They had the altimeter fail on the previous mission too. Seems like a fairly crucial component of a moon lander.

Armchair rocket scientist here, but if I were on that engineering team I'd lobby hard for less science payloads and more backups for critical instruments for the actual flight of the craft.

The rover and hopper and drill etc all sound cool yes, but worthless if you can't land. Again. For the second time. Because the same critical component failed, again. With apparently no backup, again.

Of course, it sounds so simple. I am sure there is more to it (e.g. perhaps they had backups and everything worked, but they just weren't fit for purpose?)


> They had the altimeter fail on the previous mission too.

Not really. They forgot to toggle the safety switch on before launch, so the laser could not be used:

https://spaceq.ca/simple-error-could-have-resulted-in-intuit...


Had two. One showed so much measurement noise they couldn't trust it, other kept cutting out. Not great.


So three ones, two different models, one in a different location. These are like... basics, no?


If you multiply every critical component by 3x there will be no room left for anything else.


2n + 1 is a basic minimum amount of redundancy for anything critical in a high-value space mission.


This isn't a high-value space mission.


The price of a ride to the moon alone would make this "high-value." Cubesats are an example of when you can get away with no redundancy, but this is not a cubesat.


This is best compared to being a lunar landing cubesat. IM is an order of magnitude cheaper than a comparable NASA lander. Cheap is the point, and cheap carries with it some concessions to risk.

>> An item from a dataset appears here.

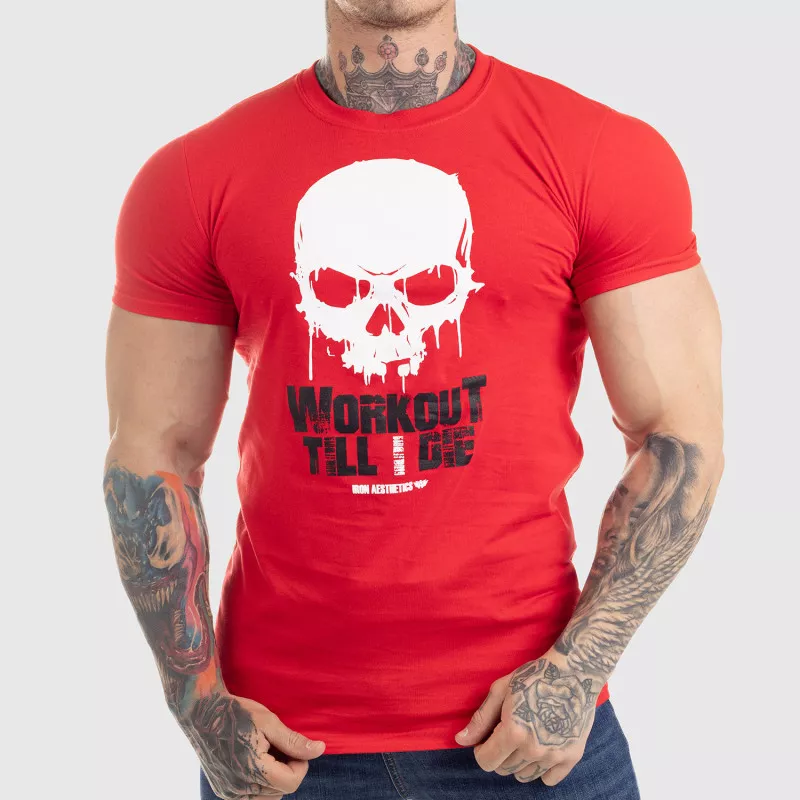 Ultrasoft tričko Workout Till I Die, červené-1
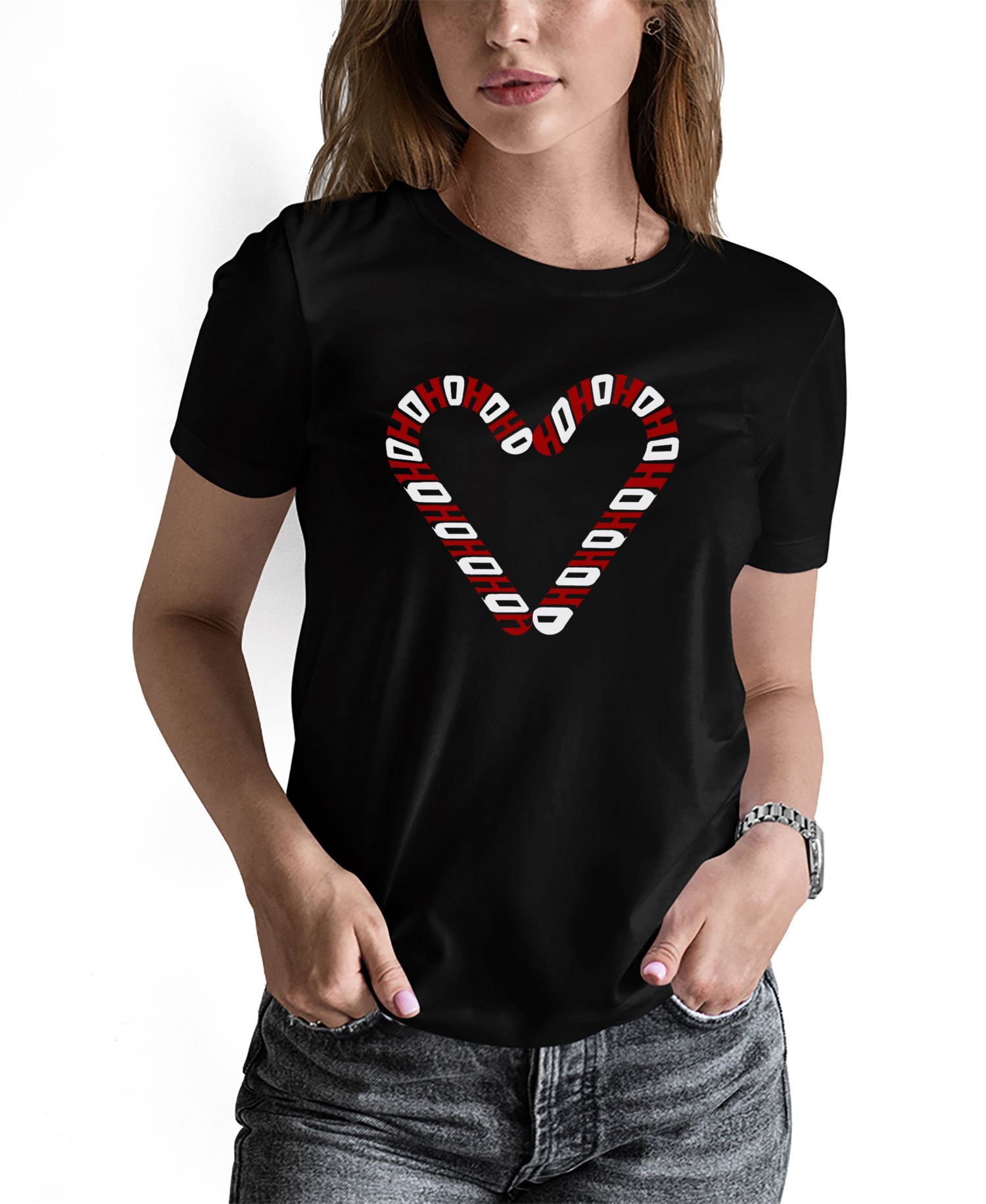 Women's Candy Canes Word Art Long-Sleeve T-Shirt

$1M was the amount they spent on the lander. If I recall correctly, they got a ride to the moon for free. Delivering that amount of mass to the moon is worth O($10M). It seems incentives were not properly aligned for this group.

I should also point out that you can fly a scientific mission on a 1U cubesat for ~$100k all in (including launch cost), which puts it in a very different regime.


Getting to the moon is vastly more expensive. 40x is the multiplier that is typically used in the industry. Prior to cancellation, NASA spent $433M on the VIPER lander + rover--NOT inclusive of launch costs.

$1m is crazy cheap.


$1M is not the full price of this mission. $1M is the price of the lander only. They were given a ride on a rocket whose total bill was $62.5 million (just for the launch, but spread among 4 missions).

When you spend $1 million but get $10 million of stuff for free, it's not really a "$1 million project."


The $433M number I quoted was for the hardware only too. Apples to apples.

I worked NASA planetary science before. $1m is CRAZY cheap.


The first moon landing cost $300 billion+ in today's dollars.


Yeah, this is not that, though. We know how to get to the moon, and a small probe is lighter than 3 people plus a vehicle that allows them to make a return trip.

This launch, which had a few other payloads, too, reportedly cost NASA $62 million.


Well the way they did it (twice) means they had space for other stuff, and of course also failed because they didn't have enough redudancy


slippery slope fallacy. just do engineering good


If I’m not mistaken there are three on commercial aircraft.. Seems like the bare minimum for a lunar lander .. I can’t imagine they’re THAT heavy


Heavier than you think, probably. I tried looking up laser altimeters suitable for moon landings and was met with a much higher than anticipated amount of complexity. One thing was clear: the higher the altimeter needs to work, the heavier.


Every gram of weight is directly trading off payload.